La Questione della Pelle e l’Unione Europea: Un Nuovo Sviluppo
L’Unione Europea sta per eliminare la pelle dal campo di applicazione della sua storica legge contro la deforestazione, dopo mesi di intense pressioni da parte dell’industria. Gruppi del settore della pelle, guidati da COTANCE e UNIC, hanno condotto oltre 22 incontri con i legislatori dal 2021, con più di un terzo di questi avvenuti nell’ultimo anno, mentre la regolamentazione si avvicinava all’implementazione.

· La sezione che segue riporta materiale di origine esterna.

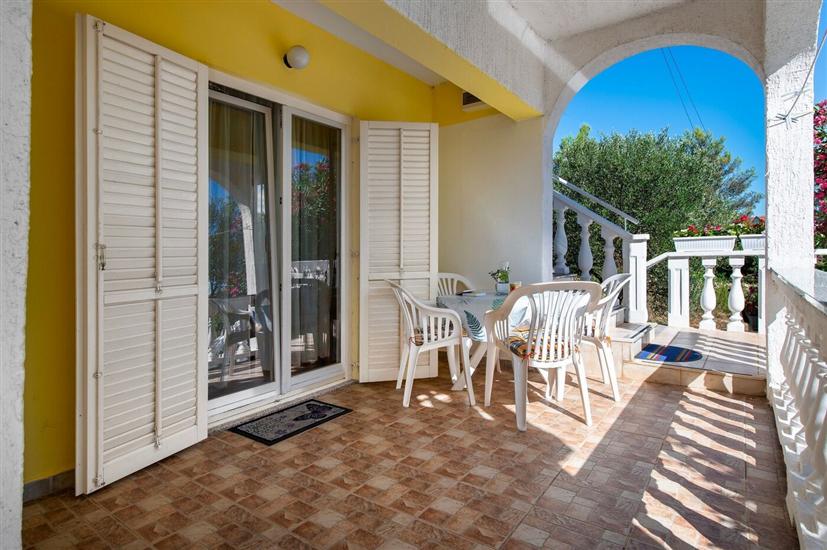 House K1, for 10 persons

Durante undici di questi incontri è stato discusso esplicitamente il Regolamento sulla Deforestazione dell’UE.
L’industria conciaria sostiene che la pelle debba essere esentata dall’obbligo di conformarsi alle normative, sottolineando che le pelli sono semplicemente un sottoprodotto nella produzione di carne bovina. Gli ambientalisti hanno definito questa posizione “vergognosa”, notando che le pelli bovine spesso condividono le stesse origini delle filiere di carne problematiche.
Pressioni Continua dell’Industria della Pelle
Nel corso dell’ultimo anno, l’industria della pelle ha intensificato una campagna di lobbying già determinata a Bruxelles per ottenere un’esenzione dal Regolamento sulla Deforestazione dell’UE (EUDR). La Commissione Europea ha formalmente proposto, il 4 maggio, di escludere la pelle, le pelli e le materie prime dal campo di applicazione della legge, prima che questa sia attuata a fine anno.
La proposta della Commissione verrà introdotta tramite un atto delegato, un meccanismo legale che consente all’esecutivo dell’UE di modificare parti non essenziali di una legge esistente senza riaprire l’intero regolamento per un dibattito legislativo completo.